Dat is het grappige van culturele concepten. Consequent zijn ze zeker niet altijd.
Iets
Dat blijkt ook het het culturele concept ‘niets’. Zoals ik hierboven beschreef is het een ontkenning. ‘Niets’ is geen ding, geen schepsel. Met andere woorden ‘niets’ staat tegenover ‘iets’. Wat ‘niets’ ook is, het is ‘niet iets’. Maar toch wordt ‘niets’ vaak gebruikt alsof het ‘iets’ is.
Ontkenning
Ik hoorde een wetenschapper beweren dat er eerst ‘niets’ was en dat er uit dat ‘niets’ ‘iets’ ontstond. Alsof er uit ‘nooit’ een ‘ooit kan ontstaan, of uit een ‘nergens’ een ‘ergens’ verkregen kan worden. Alleen als ‘niets’ iets zou zijn, is het mogelijk dat er ‘iets’ uit ontstaat. Maar ‘niets’ kan niet ‘iets’ zijn, omdat het er de ontkenning van is.
Uitsluiting
En in tegenstelling met begrippen als ‘hoog’ en ‘laag’, hangt het benoemen van ‘niets’ en ‘iets’ niet af van datgene waarmee het vergeleken wordt. Een flat is hoog in verhouding tot een woonhuis, maar laag in verhouding tot een wolkenkrabber. Dat werkt niet met de begrippen ‘niets’ en ‘iets’. Die sluiten elkaar uit. Net zoals de begrippen ‘nooit’ en ‘ooit’ of de begrippen ‘nergens’ en ‘ergens’.
Nergens
Als je op zoek gaat naar ‘nergens’ zul je het nooit vinden. Want waar je ook heengaat, je zult je altijd ‘ergens’ bevinden en nooit ‘nergens’. ‘Nergens’ bestaat niet. Behalve als cultureel concept, verzonnen door mensen. Dat komt omdat we de neiging hebben om alles in tegenstellingen te zien. En daardoor hebben we zelfs tegenstellingen verzonnen waar ze helemaal niet zijn.

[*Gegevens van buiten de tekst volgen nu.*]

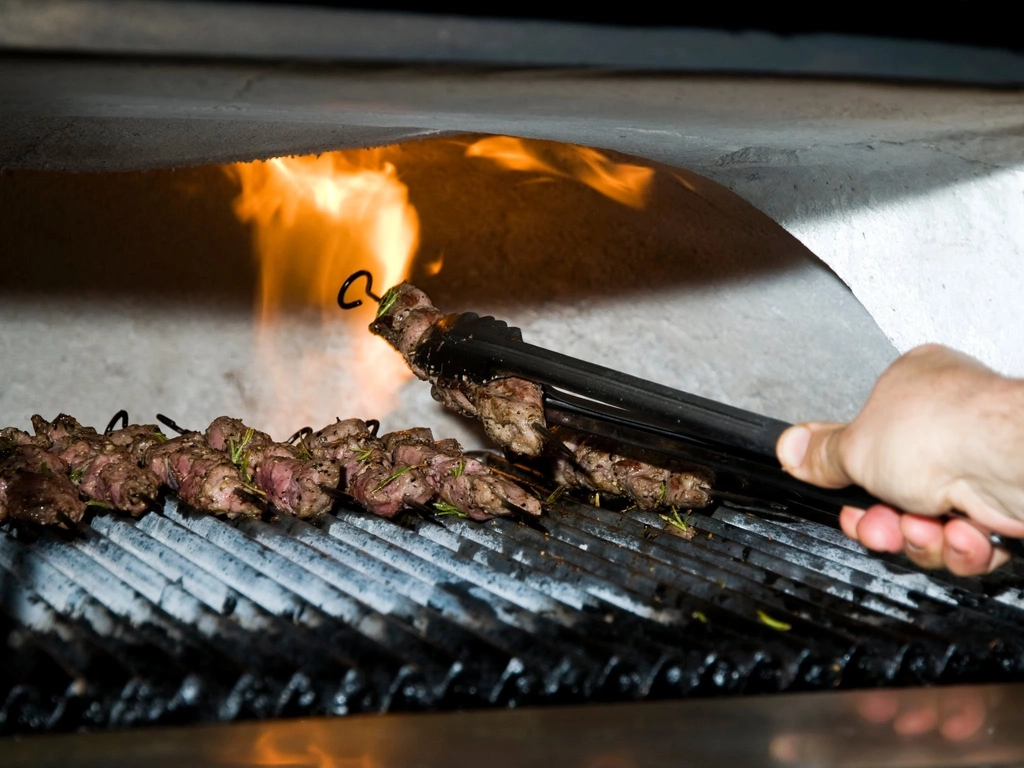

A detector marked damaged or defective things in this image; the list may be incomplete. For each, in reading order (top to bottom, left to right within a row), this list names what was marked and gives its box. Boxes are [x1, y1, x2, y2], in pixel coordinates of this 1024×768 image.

charred grate bar [2, 479, 1024, 737]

Er is niet zoiets als ‘niets’ dat tegenover ‘iets’ staat.
Bestaan
Er is alleen maar bestaan. Er is niet zoiets als niet-bestaan. Dat is ook logisch want als niet-bestaan zou bestaan, dan zou het deel zijn van het bestaan.

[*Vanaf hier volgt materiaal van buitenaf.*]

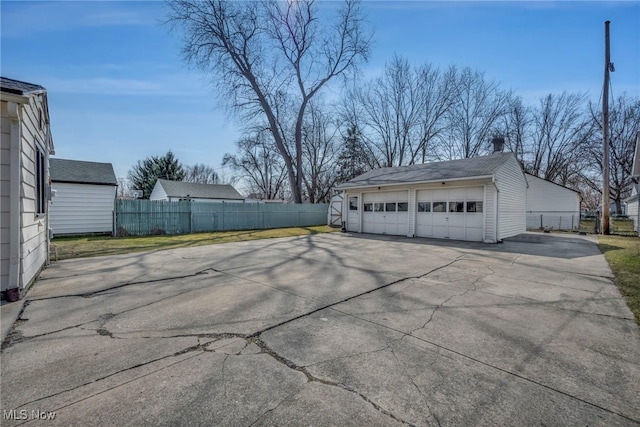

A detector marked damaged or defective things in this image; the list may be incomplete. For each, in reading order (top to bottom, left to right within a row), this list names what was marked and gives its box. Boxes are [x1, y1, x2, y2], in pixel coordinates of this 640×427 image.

cracked concrete [1, 232, 640, 426]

Alleen als abstract idee is dat ook zo.
Onbestaand
Dat is het absurde van culturele concepten. Hoe ongerijmd ook, als we ze bedenken bestaan ze. Dus ‘niets’ bestaat wel, maar alleen als idee, als cultureel concept, als een begrip dat we verzonnen hebben als tegenstelling van ‘iets’. Tegelijkertijd bestaat ‘niets’ niet, dat wil zeggen er is niet zoiets als ‘niets’ omdat als er zoiets als ‘niets’ zou zijn, ‘niets’ niet de ontkenning van ‘iets’ zou kunnen zijn. Als ‘niets’ als ‘iets’ wordt gezien ontstaat er immers een paradox. ‘Niets’ en ‘iets’ sluiten elkaar uit, ‘niets’ is immers letterlijk ‘niet iets’. Dus als ‘niets’ ‘iets’ zou zijn zou het zijn eigen ontkenning zijn.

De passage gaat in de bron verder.